这个女子,可真是不好相与,稍一松懈就会被她给拆吃入腹了。看来看去,也就夜陵能制约她,他但愿夜陵早日将她给收了,让她安分一点,特别是别来插手他和月儿的事情。
在雪漫转过身之后,骆承宇缓缓运起内力,将双掌贴在了雪漫的背上,开始探索雪漫体内那股据说非常强劲的气流。
成魅在一旁的椅子上坐着,因为有外人在,他一直很沉默,手里捉着一株之前雪漫扯给他的狗尾巴草,时不时轻轻转动两下。
“咦……”骆承宇探到那股气流,与之险险对抗一番之后,额头微微冒汗,雪漫也似乎有些不舒服,回头喘着让他撤回内力。
而在骆承宇撤回内力的时候,他突然轻轻地‘咦’了一声,好似发现了什么,并且脸色为之变了一变。
雪漫还没转回头,因此将骆承宇这番变化看在了眼里,待骆承宇收回手之后,她就转身看着骆承宇,问道:“你是不是发现什么了?”
骆承宇的脸色已然恢复常态,他淡定地摇头道:“没有。”
“那你咦什么?”雪漫显然不信。
骆承宇勾起一抹清冷笑意:“因为那股气流太强,差点反噬到我,所以我才惊了一下。”
雪漫看着骆承宇,他虽然面色平静,眼神镇定,但她就是不信他的半个字。他那一声‘咦’,明明是带有惊讶的意思,怎么可能是被那强劲气流惊到?
“看来,你是不想跟喜悦姐和好了。”她冷笑一声,“我能坑你一次,也能坑你二次。”
骆承宇眼角微微一抽,半晌后默默起身:“我去跟夜王说,我无能为力。

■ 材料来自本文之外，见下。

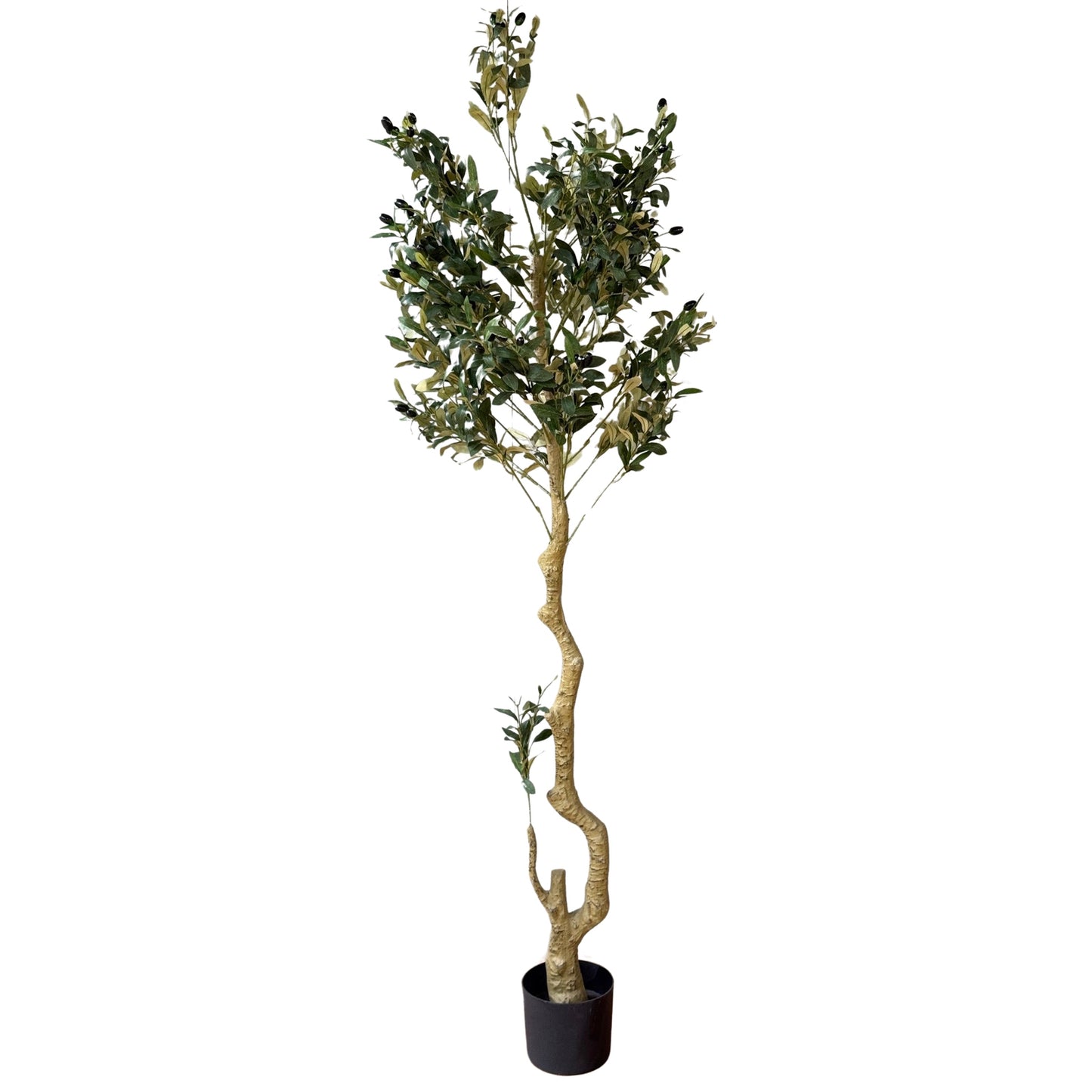 Calbria Large Olive Tree 180cm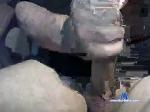 tom0242 chaturbate profile picture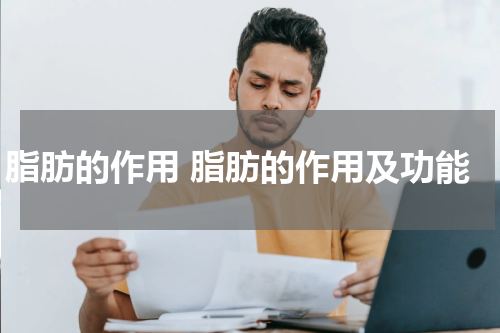 脂肪的作用 脂肪的作用及功能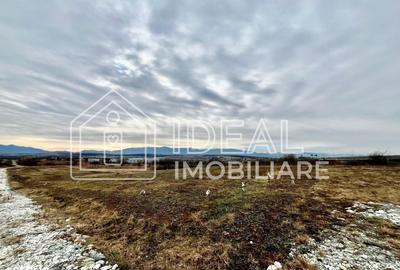 Spațiu comercial, în Mohu - 1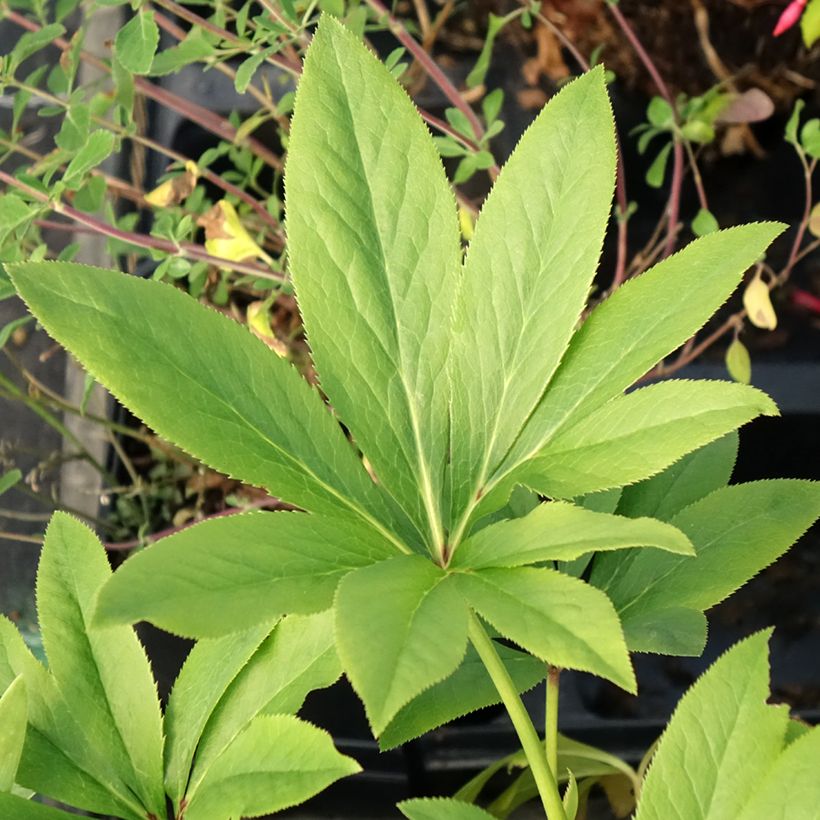 Helleborus Double Pale Yellow - lenteroos dubbel geel (Blad)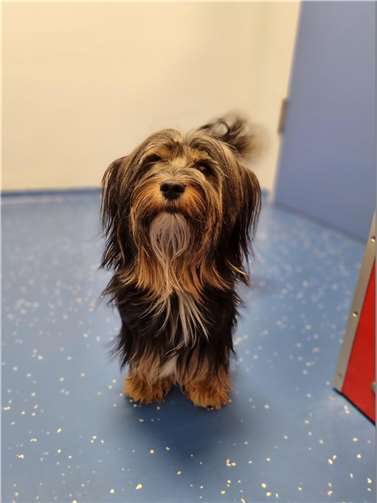 Der temperamentvolle Max. Foto: Sybill Limbach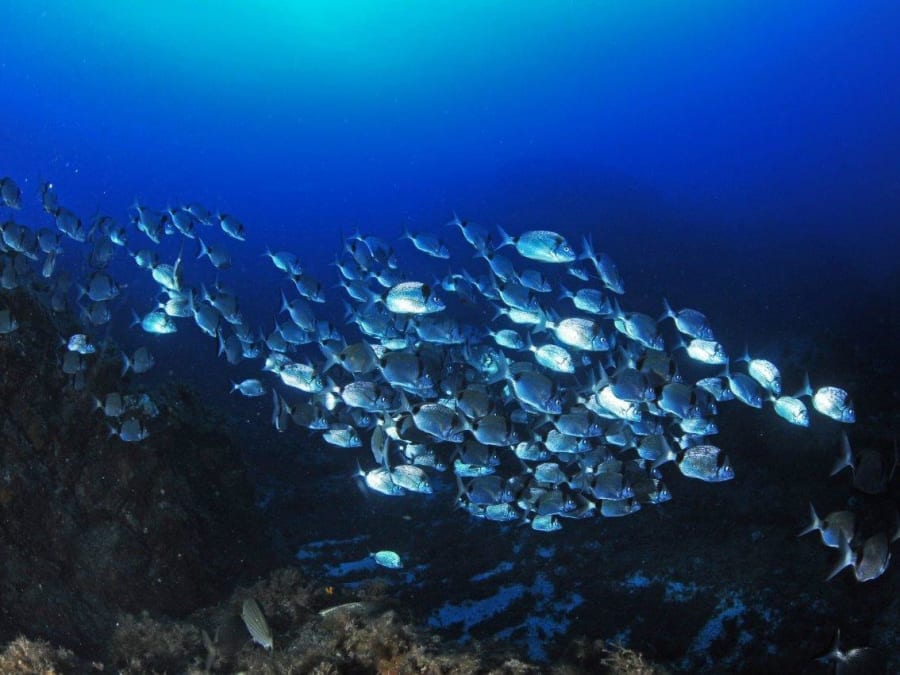 Snorkeling à Calvi (20)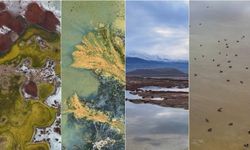 Erzincan’ın Gizli Cenneti: Ekşisu Sazlığı’nda Doğayla Sessiz Buluşma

”
然后,挥一挥衣袖,不带走一片云彩。
雪漫恼怒地哼了一声,心想这个老男人一定是察觉到这股气流的来历了,说不定他已经知道是谁对她出的手!不过,她拿陈惜月威胁他都没用,看来对她出手的人骆承宇也有所忌惮。
想到这里,雪漫折出一只小纸鸢,写了几行字之后让小纸鸢往夜王府去了。
既然骆承宇不肯告诉她实情,那她只能把骆承宇给卖了,如果骆承宇对夜陵也没说是谁朝她下的手,那他就别想得到夜陵对于他和陈惜月的事的半点怜悯了!
把这件烦心的事情抛到脑后,雪漫又想起另一件让她烦心的事,那就是夜陵决定把成魅送回地下宫殿的事。
如果她再想不出什么办法,明天成魅就要被送回去了。
“成魅,你不想再回到那个阴森的地下宫殿,对不对?”雪漫坐到成魅边上,问道。
成魅立刻点点头,一手抓着狗尾巴草,一手紧紧抓住了雪漫的手。目光乞怜,似乎很害怕雪漫把他丢下。
雪漫一见成魅这样就心软了,她双手把成魅的手握住,微微笑道:“反正我也不是这世界的人,谁生谁死干我何事呢?既然没有人在意过我们的想法,我们就远离他们吧!”
说着,雪漫拍了拍成魅的手背,眼里焕发出坚定的决心。
逃亡也是一种刺激啊,到时候不知道有多少人追她和成魅,或许她还能见到那神秘组织的人呢!
总之,比呆在这个破慕容府里,那是要好玩和刺激得多了。
幽静冷清的山林里,一个白衣飘飘的男人正等待着什么人,虽站在那里一动不动,可却能感受到他周身散发出来的焦急之意。
这人,正是刚刚被夜陵撵出夜王府的骆承宇。
很显然,雪漫的字条让夜陵明白,骆承宇明明有所发现,却不肯吐实。于是,湖心小筑加派了人手,现在别说骆承宇了,连只鸟都很难飞进去了!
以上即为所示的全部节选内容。